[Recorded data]
==================================================

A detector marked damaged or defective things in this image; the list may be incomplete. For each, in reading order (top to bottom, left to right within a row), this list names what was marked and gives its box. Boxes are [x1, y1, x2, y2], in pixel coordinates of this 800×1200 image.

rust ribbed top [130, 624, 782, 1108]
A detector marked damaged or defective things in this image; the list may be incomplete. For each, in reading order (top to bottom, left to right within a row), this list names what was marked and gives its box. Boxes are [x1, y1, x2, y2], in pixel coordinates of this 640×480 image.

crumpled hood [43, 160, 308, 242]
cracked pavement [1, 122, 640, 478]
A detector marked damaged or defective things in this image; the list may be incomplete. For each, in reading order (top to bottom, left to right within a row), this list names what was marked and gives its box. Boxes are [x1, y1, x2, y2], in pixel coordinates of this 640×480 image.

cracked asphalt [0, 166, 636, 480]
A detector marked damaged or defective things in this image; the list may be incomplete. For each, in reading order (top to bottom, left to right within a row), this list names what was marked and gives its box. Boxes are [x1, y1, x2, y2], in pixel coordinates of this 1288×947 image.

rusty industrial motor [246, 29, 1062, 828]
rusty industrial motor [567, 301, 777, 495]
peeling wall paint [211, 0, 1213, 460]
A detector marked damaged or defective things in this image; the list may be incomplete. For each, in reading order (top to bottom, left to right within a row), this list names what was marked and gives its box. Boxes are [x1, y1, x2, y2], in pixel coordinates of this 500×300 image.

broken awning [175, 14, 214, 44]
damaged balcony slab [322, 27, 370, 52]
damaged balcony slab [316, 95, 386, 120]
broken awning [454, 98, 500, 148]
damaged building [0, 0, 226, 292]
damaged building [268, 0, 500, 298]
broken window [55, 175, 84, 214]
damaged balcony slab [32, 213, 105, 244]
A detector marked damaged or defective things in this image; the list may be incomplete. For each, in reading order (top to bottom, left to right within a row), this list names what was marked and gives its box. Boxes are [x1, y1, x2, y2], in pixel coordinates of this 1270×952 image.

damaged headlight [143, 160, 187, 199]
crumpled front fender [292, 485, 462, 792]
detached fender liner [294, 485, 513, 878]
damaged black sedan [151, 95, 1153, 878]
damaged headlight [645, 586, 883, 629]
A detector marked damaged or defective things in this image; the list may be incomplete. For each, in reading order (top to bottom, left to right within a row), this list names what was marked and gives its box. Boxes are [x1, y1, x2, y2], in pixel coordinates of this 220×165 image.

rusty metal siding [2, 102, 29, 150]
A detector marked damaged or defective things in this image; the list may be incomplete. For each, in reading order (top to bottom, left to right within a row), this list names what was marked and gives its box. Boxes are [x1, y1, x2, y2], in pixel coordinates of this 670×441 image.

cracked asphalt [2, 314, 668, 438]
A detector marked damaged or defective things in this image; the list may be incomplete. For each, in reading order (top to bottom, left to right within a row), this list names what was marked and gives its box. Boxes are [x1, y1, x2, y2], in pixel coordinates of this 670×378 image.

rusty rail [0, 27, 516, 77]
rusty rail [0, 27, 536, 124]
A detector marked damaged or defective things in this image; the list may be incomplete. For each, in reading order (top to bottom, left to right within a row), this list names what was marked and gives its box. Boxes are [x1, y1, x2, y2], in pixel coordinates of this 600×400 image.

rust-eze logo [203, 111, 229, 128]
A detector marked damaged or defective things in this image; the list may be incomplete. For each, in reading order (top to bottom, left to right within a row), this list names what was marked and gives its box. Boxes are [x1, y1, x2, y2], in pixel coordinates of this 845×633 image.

==================================================

• **Action item**:
All of the data is to be written out again, word for word.

• **Task answer**:
A detector marked damaged or defective things in this image; the list may be incomplete. For each, in reading order (top to bottom, left to right within a row), this list names what was marked and gives its box. Boxes are [x1, y1, x2, y2], in pixel coordinates of this 800×1200 image.

rust ribbed top [130, 624, 782, 1108]
A detector marked damaged or defective things in this image; the list may be incomplete. For each, in reading order (top to bottom, left to right within a row), this list names what was marked and gives its box. Boxes are [x1, y1, x2, y2], in pixel coordinates of this 640×480 image.

crumpled hood [43, 160, 308, 242]
cracked pavement [1, 122, 640, 478]
A detector marked damaged or defective things in this image; the list may be incomplete. For each, in reading order (top to bottom, left to right within a row), this list names what was marked and gives its box. Boxes are [x1, y1, x2, y2], in pixel coordinates of this 640×480 image.

cracked asphalt [0, 166, 636, 480]
A detector marked damaged or defective things in this image; the list may be incomplete. For each, in reading order (top to bottom, left to right within a row), this list names what was marked and gives its box. Boxes are [x1, y1, x2, y2], in pixel coordinates of this 1288×947 image.

rusty industrial motor [246, 29, 1062, 828]
rusty industrial motor [567, 301, 777, 495]
peeling wall paint [211, 0, 1213, 460]
A detector marked damaged or defective things in this image; the list may be incomplete. For each, in reading order (top to bottom, left to right within a row), this list names what was marked and gives its box. Boxes are [x1, y1, x2, y2], in pixel coordinates of this 500×300 image.

broken awning [175, 14, 214, 44]
damaged balcony slab [322, 27, 370, 52]
damaged balcony slab [316, 95, 386, 120]
broken awning [454, 98, 500, 148]
damaged building [0, 0, 226, 292]
damaged building [268, 0, 500, 298]
broken window [55, 175, 84, 214]
damaged balcony slab [32, 213, 105, 244]
A detector marked damaged or defective things in this image; the list may be incomplete. For each, in reading order (top to bottom, left to right within a row), this list names what was marked and gives its box. Boxes are [x1, y1, x2, y2], in pixel coordinates of this 1270×952 image.

damaged headlight [143, 160, 187, 199]
crumpled front fender [292, 485, 462, 792]
detached fender liner [294, 485, 513, 878]
damaged black sedan [151, 95, 1153, 878]
damaged headlight [645, 586, 883, 629]
A detector marked damaged or defective things in this image; the list may be incomplete. For each, in reading order (top to bottom, left to right within a row), this list names what was marked and gives its box. Boxes are [x1, y1, x2, y2], in pixel coordinates of this 220×165 image.

rusty metal siding [2, 102, 29, 150]
A detector marked damaged or defective things in this image; the list may be incomplete. For each, in reading order (top to bottom, left to right within a row), this list names what was marked and gives its box. Boxes are [x1, y1, x2, y2], in pixel coordinates of this 670×441 image.

cracked asphalt [2, 314, 668, 438]
A detector marked damaged or defective things in this image; the list may be incomplete. For each, in reading order (top to bottom, left to right within a row), this list names what was marked and gives its box. Boxes are [x1, y1, x2, y2], in pixel coordinates of this 670×378 image.

rusty rail [0, 27, 516, 77]
rusty rail [0, 27, 536, 124]
A detector marked damaged or defective things in this image; the list may be incomplete. For each, in reading order (top to bottom, left to right within a row), this list names what was marked and gives its box. Boxes are [x1, y1, x2, y2], in pixel coordinates of this 600×400 image.

rust-eze logo [203, 111, 229, 128]
A detector marked damaged or defective things in this image; the list may be incomplete. For each, in reading order (top to bottom, left to right within a row), this list names what was marked and gives its box. Boxes are [x1, y1, x2, y2], in pixel coordinates of this 845×633 image.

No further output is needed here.